===== Dataset excerpts

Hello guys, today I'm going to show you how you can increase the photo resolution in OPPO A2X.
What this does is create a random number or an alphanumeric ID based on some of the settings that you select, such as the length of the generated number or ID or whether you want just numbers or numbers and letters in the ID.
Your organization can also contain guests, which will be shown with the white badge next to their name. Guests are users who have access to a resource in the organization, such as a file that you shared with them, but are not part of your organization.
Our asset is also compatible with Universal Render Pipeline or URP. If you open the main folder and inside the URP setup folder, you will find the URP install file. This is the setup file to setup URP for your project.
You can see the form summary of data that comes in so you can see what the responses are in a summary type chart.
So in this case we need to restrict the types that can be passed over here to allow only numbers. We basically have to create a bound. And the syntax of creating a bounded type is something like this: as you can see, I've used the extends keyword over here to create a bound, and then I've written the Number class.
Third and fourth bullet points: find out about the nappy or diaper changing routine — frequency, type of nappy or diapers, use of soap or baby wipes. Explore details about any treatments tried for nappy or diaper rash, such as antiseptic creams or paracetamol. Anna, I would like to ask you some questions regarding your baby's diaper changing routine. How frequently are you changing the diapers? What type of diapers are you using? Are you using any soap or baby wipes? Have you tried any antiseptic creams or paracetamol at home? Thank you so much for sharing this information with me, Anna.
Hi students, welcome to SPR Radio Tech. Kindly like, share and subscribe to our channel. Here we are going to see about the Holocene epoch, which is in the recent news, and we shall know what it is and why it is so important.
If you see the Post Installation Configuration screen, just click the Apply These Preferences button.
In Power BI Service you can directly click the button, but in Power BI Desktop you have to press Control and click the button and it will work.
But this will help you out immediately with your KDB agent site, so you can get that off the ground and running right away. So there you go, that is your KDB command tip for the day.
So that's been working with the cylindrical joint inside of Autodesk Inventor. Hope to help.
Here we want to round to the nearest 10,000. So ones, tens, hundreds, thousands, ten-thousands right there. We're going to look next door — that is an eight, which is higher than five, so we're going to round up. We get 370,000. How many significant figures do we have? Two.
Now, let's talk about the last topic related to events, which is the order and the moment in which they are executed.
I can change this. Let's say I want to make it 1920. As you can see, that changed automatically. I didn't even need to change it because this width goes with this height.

==========

▶ **Work required**
Write each line of the data above out again without altering a word.

▶ **Written solution**
Hello guys, today I'm going to show you how you can increase the photo resolution in OPPO A2X.
What this does is create a random number or an alphanumeric ID based on some of the settings that you select, such as the length of the generated number or ID or whether you want just numbers or numbers and letters in the ID.
Your organization can also contain guests, which will be shown with the white badge next to their name. Guests are users who have access to a resource in the organization, such as a file that you shared with them, but are not part of your organization.
Our asset is also compatible with Universal Render Pipeline or URP. If you open the main folder and inside the URP setup folder, you will find the URP install file. This is the setup file to setup URP for your project.
You can see the form summary of data that comes in so you can see what the responses are in a summary type chart.
So in this case we need to restrict the types that can be passed over here to allow only numbers. We basically have to create a bound. And the syntax of creating a bounded type is something like this: as you can see, I've used the extends keyword over here to create a bound, and then I've written the Number class.
Third and fourth bullet points: find out about the nappy or diaper changing routine — frequency, type of nappy or diapers, use of soap or baby wipes. Explore details about any treatments tried for nappy or diaper rash, such as antiseptic creams or paracetamol. Anna, I would like to ask you some questions regarding your baby's diaper changing routine. How frequently are you changing the diapers? What type of diapers are you using? Are you using any soap or baby wipes? Have you tried any antiseptic creams or paracetamol at home? Thank you so much for sharing this information with me, Anna.
Hi students, welcome to SPR Radio Tech. Kindly like, share and subscribe to our channel. Here we are going to see about the Holocene epoch, which is in the recent news, and we shall know what it is and why it is so important.
If you see the Post Installation Configuration screen, just click the Apply These Preferences button.
In Power BI Service you can directly click the button, but in Power BI Desktop you have to press Control and click the button and it will work.
But this will help you out immediately with your KDB agent site, so you can get that off the ground and running right away. So there you go, that is your KDB command tip for the day.
So that's been working with the cylindrical joint inside of Autodesk Inventor. Hope to help.
Here we want to round to the nearest 10,000. So ones, tens, hundreds, thousands, ten-thousands right there. We're going to look next door — that is an eight, which is higher than five, so we're going to round up. We get 370,000. How many significant figures do we have? Two.
Now, let's talk about the last topic related to events, which is the order and the moment in which they are executed.
I can change this. Let's say I want to make it 1920. As you can see, that changed automatically. I didn't even need to change it because this width goes with this height.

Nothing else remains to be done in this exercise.